Segment Open

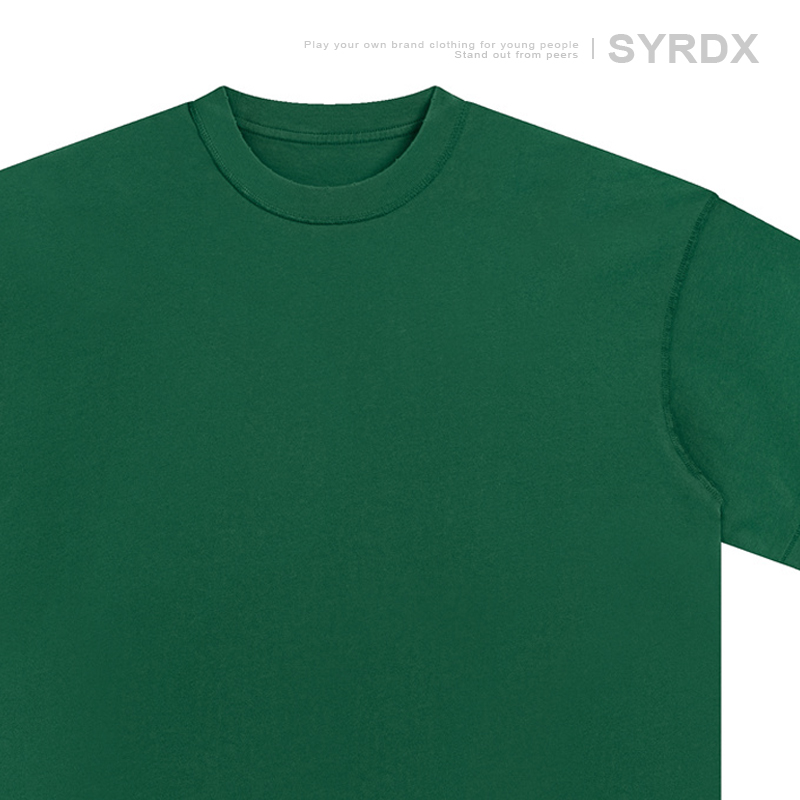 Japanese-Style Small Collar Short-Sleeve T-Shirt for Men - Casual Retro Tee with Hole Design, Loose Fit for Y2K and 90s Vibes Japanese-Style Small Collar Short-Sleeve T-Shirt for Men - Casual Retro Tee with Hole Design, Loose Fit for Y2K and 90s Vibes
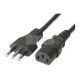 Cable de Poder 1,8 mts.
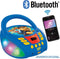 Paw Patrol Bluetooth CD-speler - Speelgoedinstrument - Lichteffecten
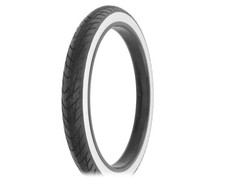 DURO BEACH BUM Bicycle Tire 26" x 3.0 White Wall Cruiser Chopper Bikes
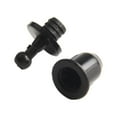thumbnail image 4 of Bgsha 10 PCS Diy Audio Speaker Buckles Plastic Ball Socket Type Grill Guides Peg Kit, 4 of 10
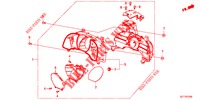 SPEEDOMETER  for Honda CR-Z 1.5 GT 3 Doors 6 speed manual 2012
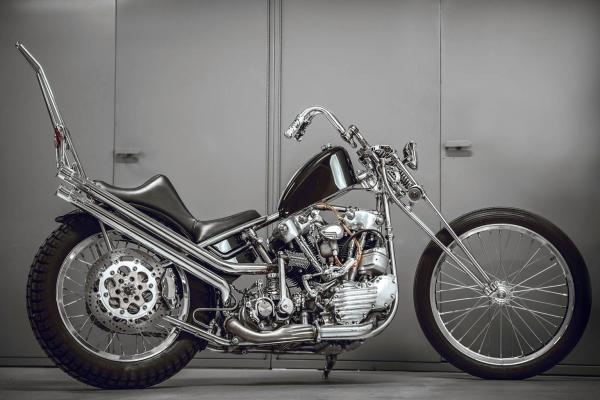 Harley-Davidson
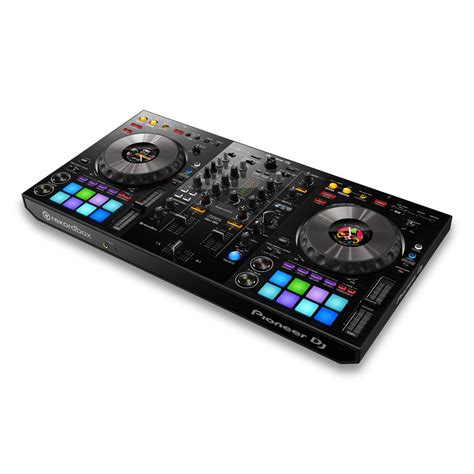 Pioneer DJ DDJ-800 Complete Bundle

Segment Closed

◆ What needs to be done ◆
Up to and including the last line of the listing, starting at the line with "Cable de Poder 1,8 mts.", extract every line exactly and leave out the pictures.

◆ Output for this exercise ◆
 Cable de Poder 1,8 mts.
 Paw Patrol Bluetooth CD-speler - Speelgoedinstrument - Lichteffecten
 DURO BEACH BUM Bicycle Tire 26" x 3.0 White Wall Cruiser Chopper Bikes
thumbnail image 4 of Bgsha 10 PCS Diy Audio Speaker Buckles Plastic Ball Socket Type Grill Guides Peg Kit, 4 of 10
 SPEEDOMETER  for Honda CR-Z 1.5 GT 3 Doors 6 speed manual 2012
 Harley-Davidson
 Pioneer DJ DDJ-800 Complete Bundle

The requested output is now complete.